Meanwhile, the Labour Party, which lost power nationally in 2013, looked to have won around 34 percent of the vote, up 2.3 percent on 2011. 
 
“If this keeps going up to the finish, it will be our best local election in over 30 years,” the party’s deputy leader Hadia Tajik told NRK early on Monday evening. 
 
Oslo’s mayor Fabian Stang, who has ruled the city since 2007, said on Monday evening that he would stay in the role if the left-wing parties, with the support of the  Green Party, ousted the right-wing parties from power. 
 
“I would think it would be completely unnatural for me to continue as mayor,” he said. “I assume that either the Green Party will take the mayor job after negotiations with Labour,  or that Labour will takes it itself.” 
 
Although the Greens are nominally independent, Stang said that in reality they were allied to Labour. 
 
“My experience is that they are on the left.
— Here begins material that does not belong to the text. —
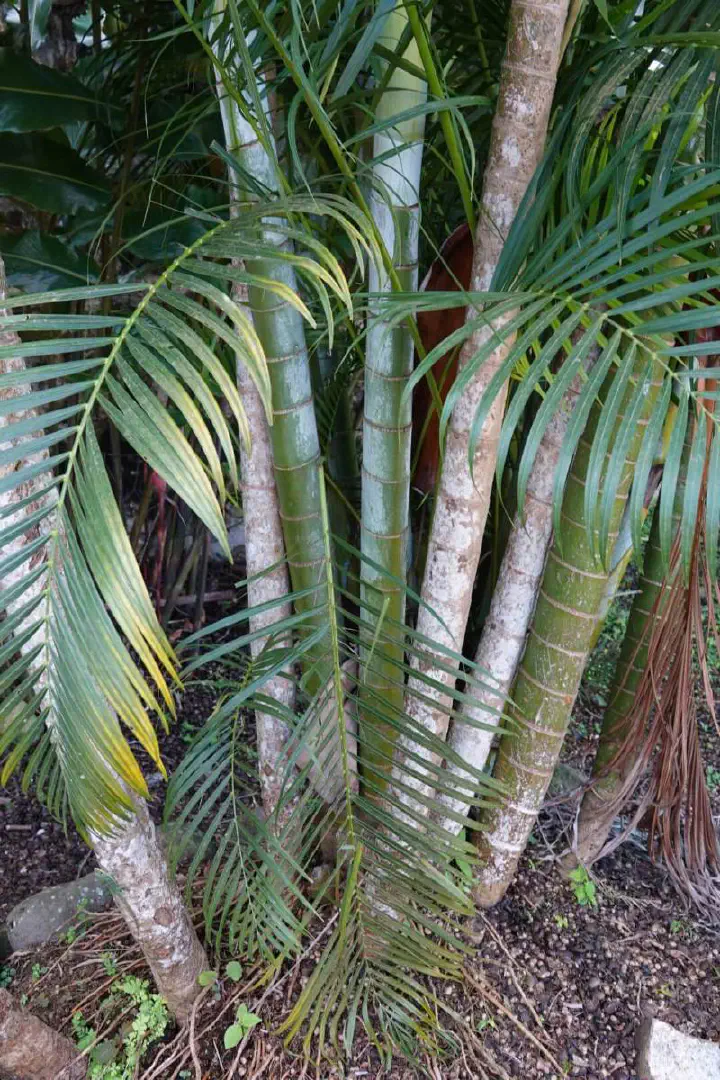 St. George's, Grenada - Photo 13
In Oslo, the Green Party votes with the left in eight out of ten cases.” 
 
In Bergen, the home town of Norway's Prime Minister Erna Solberg, the party's share of the vote looked set to fall by some 13 percentage points to 21.7 per cent, while the Labour Party’s share rose by 10 percentage points to 38 per cent.  
 
Conservative party’s mayor Trude Drevland has been on sick leave since June, following a scandal over her failure to declare luxury trip to Venice on the private jet of the shipowner Torstein Hagen.